▶ Exercise
Please set down, word for word, the line that contains "this 1270×952 image." and every line after it to the end of the entries below, omitting the pictures.

▶ Available records

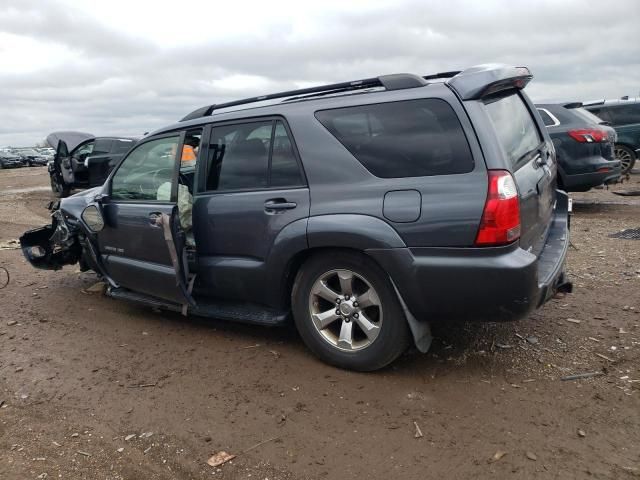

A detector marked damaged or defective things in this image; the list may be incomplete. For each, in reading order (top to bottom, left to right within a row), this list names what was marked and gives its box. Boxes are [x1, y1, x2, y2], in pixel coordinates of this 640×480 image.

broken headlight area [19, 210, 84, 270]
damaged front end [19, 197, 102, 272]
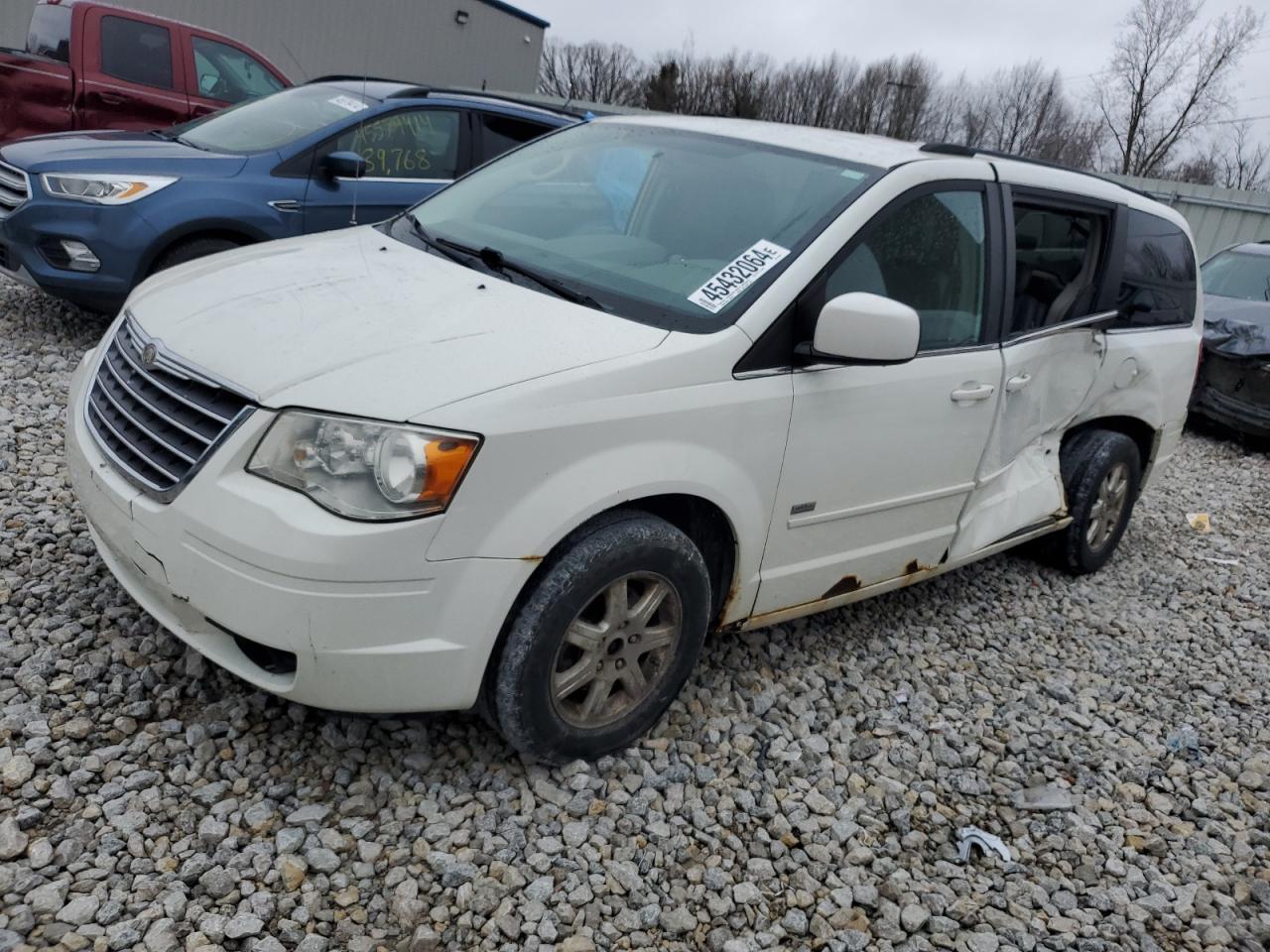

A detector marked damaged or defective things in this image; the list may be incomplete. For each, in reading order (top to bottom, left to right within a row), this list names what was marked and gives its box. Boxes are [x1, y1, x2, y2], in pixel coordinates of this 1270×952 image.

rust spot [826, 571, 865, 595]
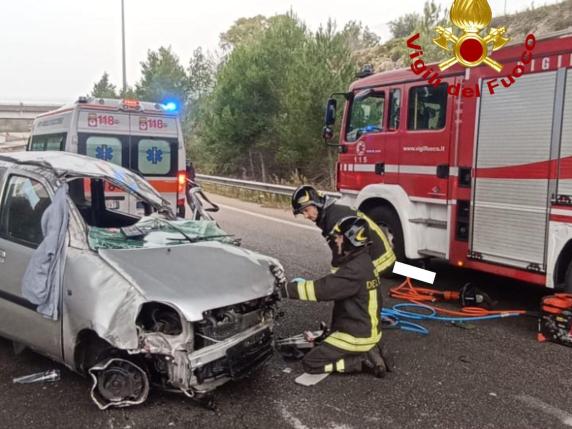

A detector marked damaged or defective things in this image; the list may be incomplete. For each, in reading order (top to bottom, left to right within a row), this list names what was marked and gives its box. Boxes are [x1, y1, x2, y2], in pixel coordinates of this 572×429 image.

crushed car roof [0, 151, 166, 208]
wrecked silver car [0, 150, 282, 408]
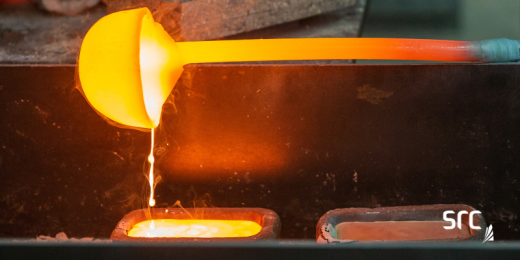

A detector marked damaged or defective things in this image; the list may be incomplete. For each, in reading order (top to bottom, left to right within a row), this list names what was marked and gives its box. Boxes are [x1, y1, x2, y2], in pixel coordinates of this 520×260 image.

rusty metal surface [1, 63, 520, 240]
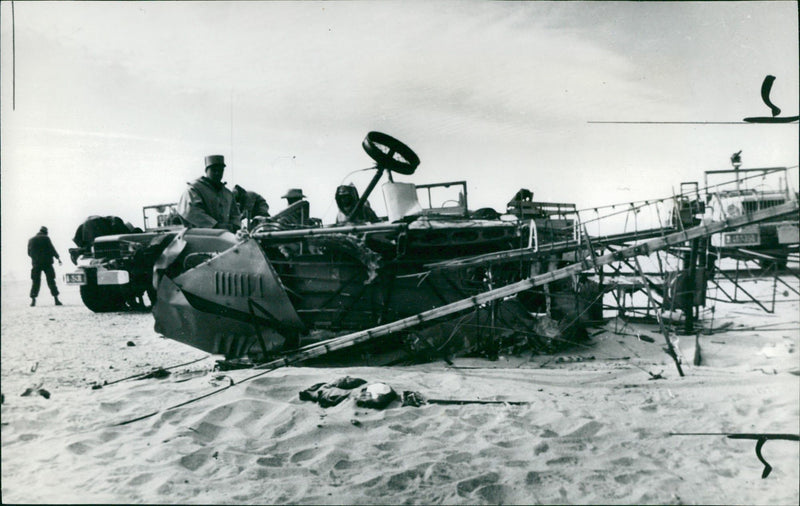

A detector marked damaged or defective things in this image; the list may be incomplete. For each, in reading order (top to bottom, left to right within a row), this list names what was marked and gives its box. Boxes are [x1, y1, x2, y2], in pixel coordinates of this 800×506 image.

▶ Response for this exercise
A detector marked damaged or defective things in this image; the list may be incomplete. For each, in reading order (top to bottom, left to right within a row), this list names what was marked and gives its box. Boxes are [x1, y1, x2, y2], in pixel coordinates of this 1270×952 image.

rust spot [826, 571, 865, 595]

A detector marked damaged or defective things in this image; the list may be incomplete. For each, in reading order (top to bottom, left to right within a row), this list names what was marked and gives its box. Boxes are [x1, y1, x2, y2], in pixel coordinates of this 572×429 image.

crushed car roof [0, 151, 166, 208]
wrecked silver car [0, 150, 282, 408]

A detector marked damaged or defective things in this image; the list may be incomplete. For each, in reading order (top to bottom, left to right within a row), this list names what was marked and gives its box. Boxes are [x1, y1, x2, y2], in pixel coordinates of this 520×260 image.

rusty metal surface [1, 63, 520, 240]

A detector marked damaged or defective things in this image; the list may be incomplete. For each, in reading order (top to bottom, left to right within a row), this list names what was marked and gives its box. Boxes are [x1, y1, x2, y2], in pixel coordinates of this 800×506 image.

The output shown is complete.